_Problem details_
Each entry is to be given again word for word; images are dropped.

_Excerpted records_
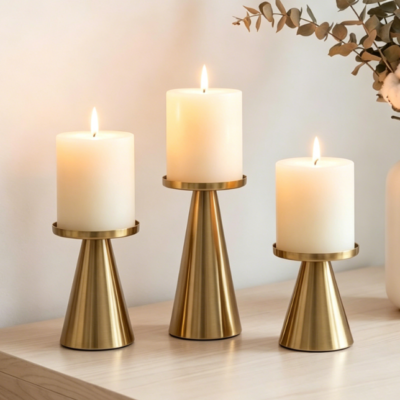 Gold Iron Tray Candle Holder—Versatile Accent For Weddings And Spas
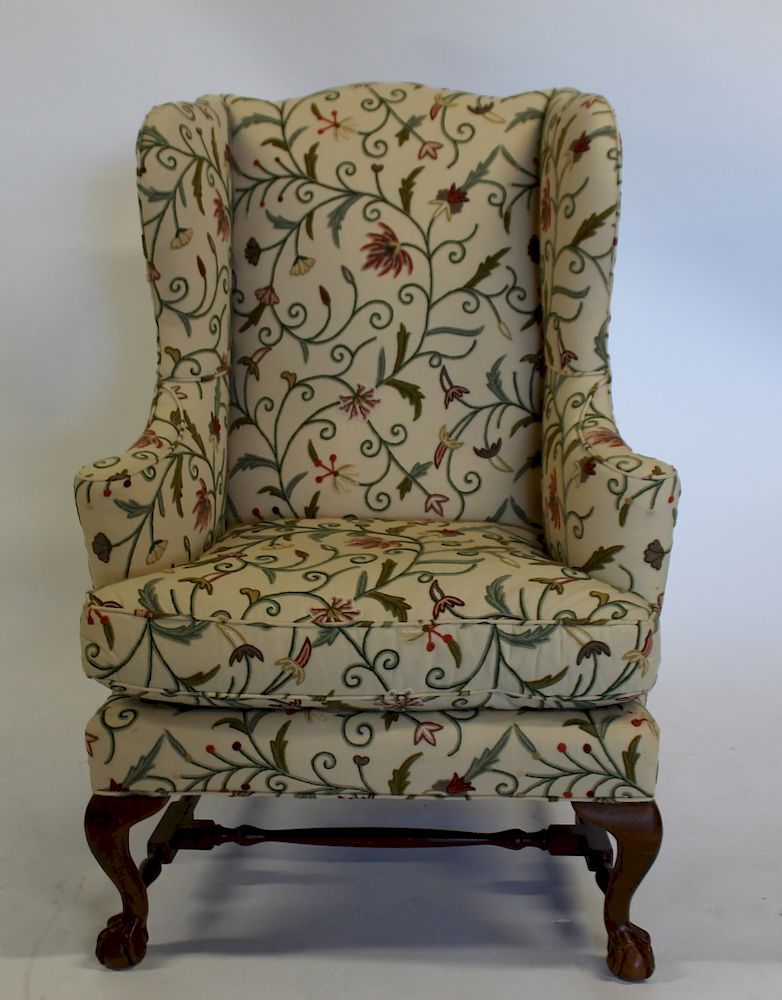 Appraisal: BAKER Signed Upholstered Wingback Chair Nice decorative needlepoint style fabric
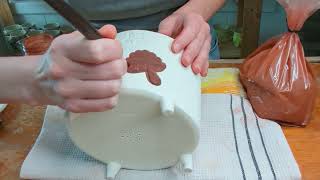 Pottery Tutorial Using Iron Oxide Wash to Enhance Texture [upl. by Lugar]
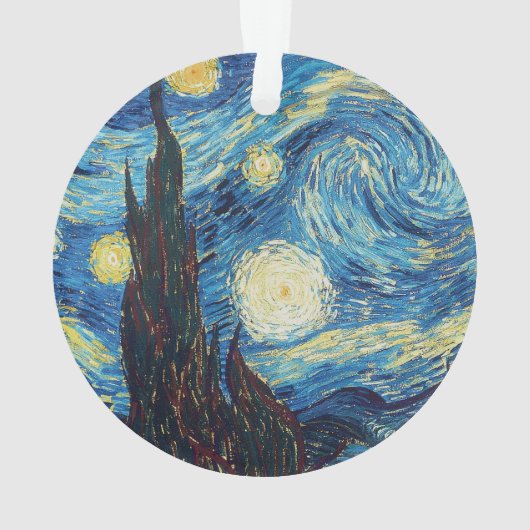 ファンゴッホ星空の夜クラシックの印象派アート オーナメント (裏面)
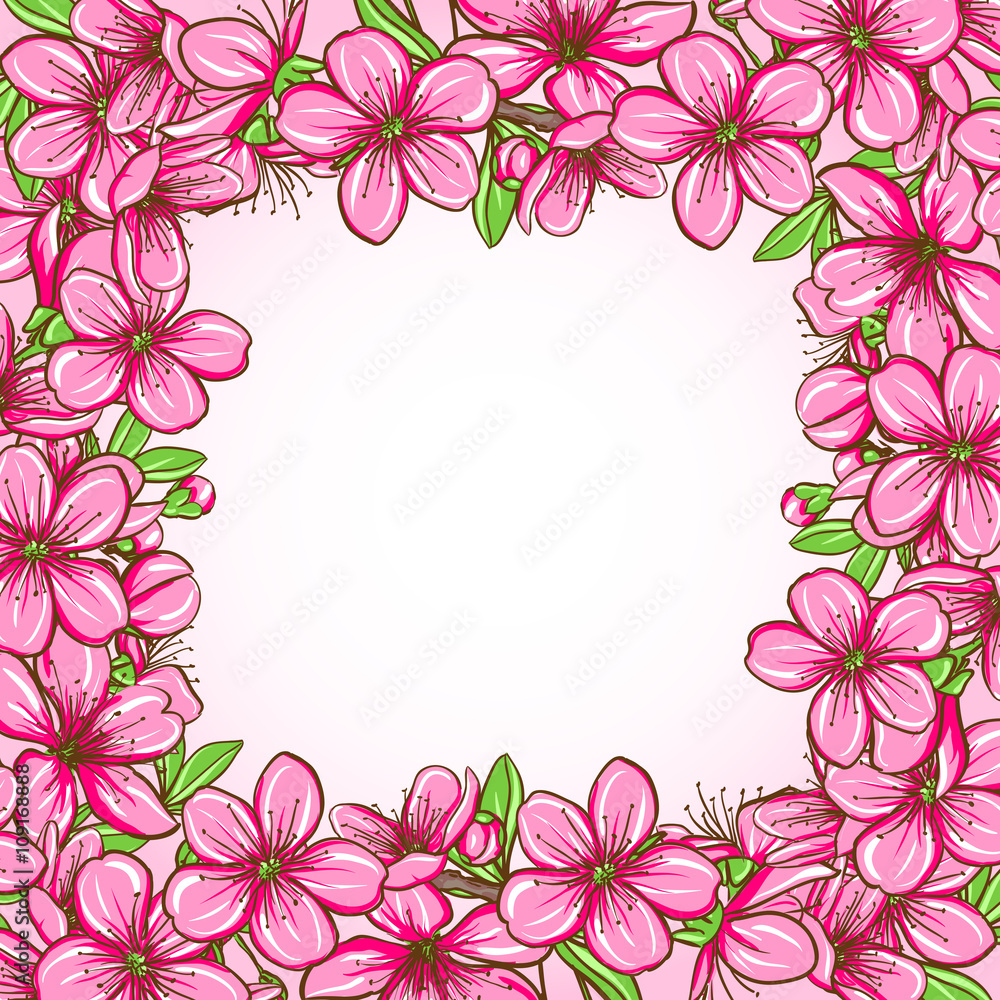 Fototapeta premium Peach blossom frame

_Answer for the task_
 Gold Iron Tray Candle Holder—Versatile Accent For Weddings And Spas
 Appraisal: BAKER Signed Upholstered Wingback Chair Nice decorative needlepoint style fabric
 Pottery Tutorial Using Iron Oxide Wash to Enhance Texture [upl. by Lugar]
 ファンゴッホ星空の夜クラシックの印象派アート オーナメント (裏面)
 Fototapeta premium Peach blossom frame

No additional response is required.